With friends gathered in a restaurant for dinner to do a bit of catching-up and to shoot the breeze, the conversation got around to the subject of illegal drugs and youth, as opposed to the legal stuff like alcohol.
Someone said she loved the way the sniffer dogs at airports get into the spirit of their work with all the frantic nosing around they display amongst the travel bags and occasional groin. She thought it was very cute and showed how loyal the mutt is to its master.
There was consternation when I suggested the reason the dogs are so keen is because they have been deliberately addicted to various narcotics such as cocaine, heroin, and hash, by their handlers, hence they are craving for a fix everytime they think there might be something in a travel bag.
"That's how they find it so easily," I offered.
A woman was aghast at my contention and her husband said I was being 'insensitive' to make such a comment, and couldn't I see she was a dog lover?
It probably didn't help when I responded with a comment I felt might lighten things up a bit by answering: "People's private lives are really no concern of mine, but I think it makes perfect sense to turn dogs into junkies so as to seek out the stuff - they have great noses, after all."
A younger person at the table piped up: "There might be some truth in it because I saw on 'Family Guy' where the dog Brian became addicted to coke after he got a job as a drugs sniffer at Quahog airport."
The dog-lover husband was by now frothing from the mouth and on the verge of calling me out for fight because of what I'd started, and my great aunt Maude was adamant the animal cruelty prevention people would never allow a dog to be injected or otherwise ingest the stuff.
"Not in Ireland anyway, we're still a Catholic country," she ventured.
"I'll have no more of that guff outta you directed at my wife!" the irate husband ejaculated across the table at me, and for some reason only known to himself, felt I had in some way offended his honour. Getting heated by now, my lovely date attempted to pour oil on troubled waters, suggesting we calm down and later we could check up on the smack-heads dogs and bitches contention on the Internet.
Another pleaded that in the meantime we'd order another four bottles of wine.
"We're all friends here, aren't we?"
Everyone agreed, and a peace of sorts descend ... but I don't think it's quite over yet. Things were said. Such is life nowadays. We live in times when so many folk feel their lives are like they see in the movies, and umbrage is taken at the drop of a hat or spilt drink.
Men especially get all macho and can quickly become their own super-hero in defence of world freedom and the like, I find. They go to films like 'Avengers' and on leaving take on the persona of Thor or Iron Man, out to put the world to rights and taking crap from nobody. This is especially apparent when the drink kicks in, and the clouding of fact and fantasy merge seamlessly.

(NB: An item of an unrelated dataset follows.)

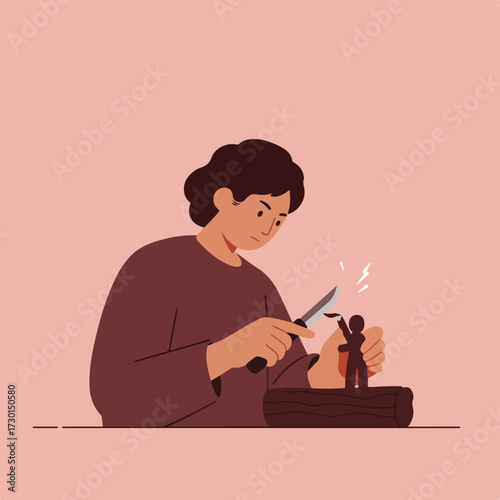 Woman carves a wooden figure with knife against a pink background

In a world sodden with booze, I often wonder how anything gets done in work and in politics. Our Dail must be unique in that there is a pub attached to the Parliament House so that our representatives can get sozzled in between passing legislation affecting the citizens of Ireland.
Too many Irish people seem to me to be permantely high on something, and I'm sure that in the US there is a lot of truth in the news that Wall St. saw much of its problems arise because whizz kid dealers and investors and bankers were walloping down huge quantities of cocaine and drink.
Listen to those we know well who drink a lot, be it at the dinner table or in the public arena of debate. They will lament the abuse of weed and alcohol by the young, all the while lashing back the wine themselves as if it contained no alcohol per gallon of the stuff consumed before dessert arrives.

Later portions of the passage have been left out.